▶ _What to do_
In the listing below, find the line containing "Thats What I" and the line containing "Livskvalitet..s 14 3.", then copy exactly everything from the first through the second, except the pictures.

▶ _The data_

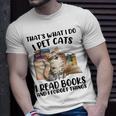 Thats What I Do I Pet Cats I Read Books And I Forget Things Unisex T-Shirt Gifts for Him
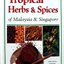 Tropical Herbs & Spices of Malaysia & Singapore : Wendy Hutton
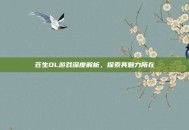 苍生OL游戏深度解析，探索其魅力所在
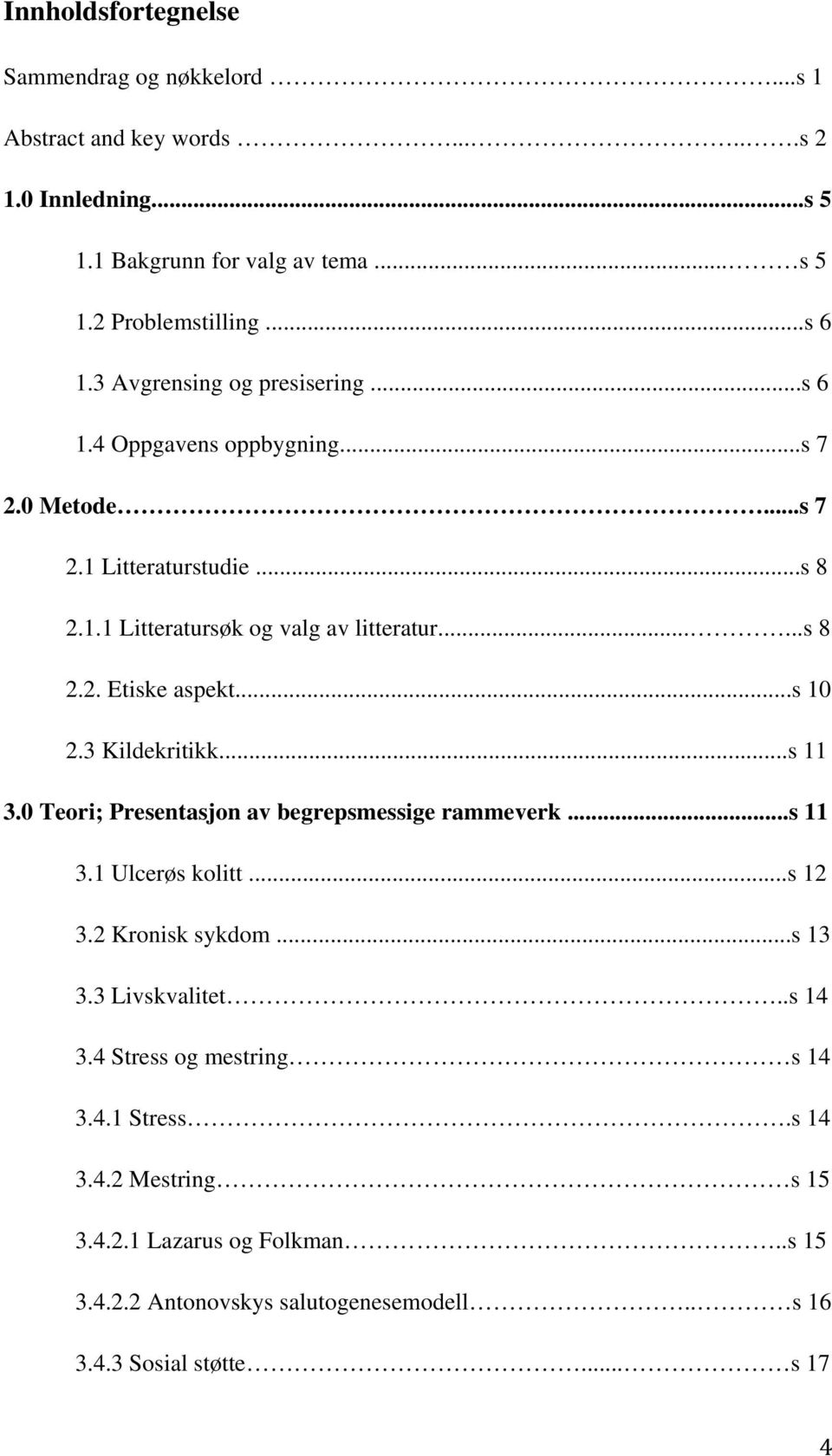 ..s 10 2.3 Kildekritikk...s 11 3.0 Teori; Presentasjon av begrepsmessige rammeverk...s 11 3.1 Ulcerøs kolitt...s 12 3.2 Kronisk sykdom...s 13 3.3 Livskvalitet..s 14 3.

* * *

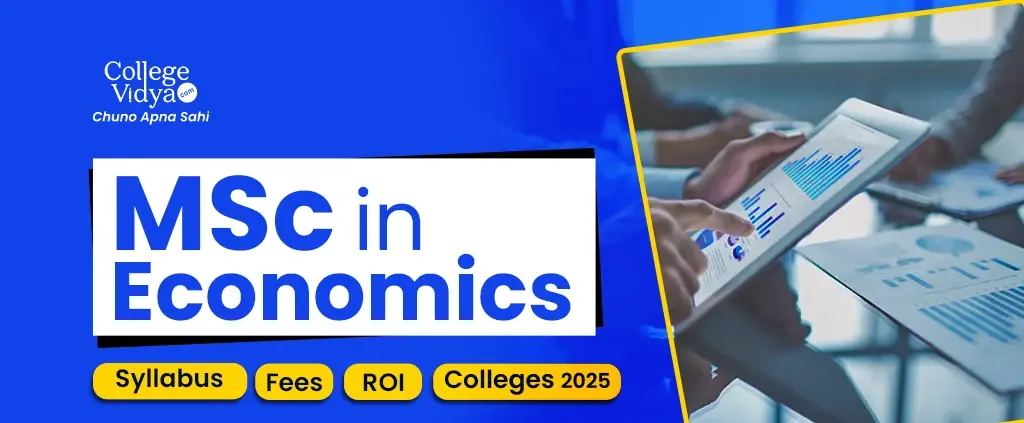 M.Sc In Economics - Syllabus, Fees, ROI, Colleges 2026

---

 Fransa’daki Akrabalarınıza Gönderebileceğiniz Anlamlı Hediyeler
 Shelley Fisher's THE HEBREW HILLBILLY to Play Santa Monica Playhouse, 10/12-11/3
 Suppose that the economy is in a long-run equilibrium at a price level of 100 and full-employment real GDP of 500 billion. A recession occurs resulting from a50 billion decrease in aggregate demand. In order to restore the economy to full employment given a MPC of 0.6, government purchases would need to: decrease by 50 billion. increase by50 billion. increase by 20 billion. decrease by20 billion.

▶ _Reply_
 Thats What I Do I Pet Cats I Read Books And I Forget Things Unisex T-Shirt Gifts for Him
 Tropical Herbs & Spices of Malaysia & Singapore : Wendy Hutton
 苍生OL游戏深度解析，探索其魅力所在
 ..s 10 2.3 Kildekritikk...s 11 3.0 Teori; Presentasjon av begrepsmessige rammeverk...s 11 3.1 Ulcerøs kolitt...s 12 3.2 Kronisk sykdom...s 13 3.3 Livskvalitet..s 14 3.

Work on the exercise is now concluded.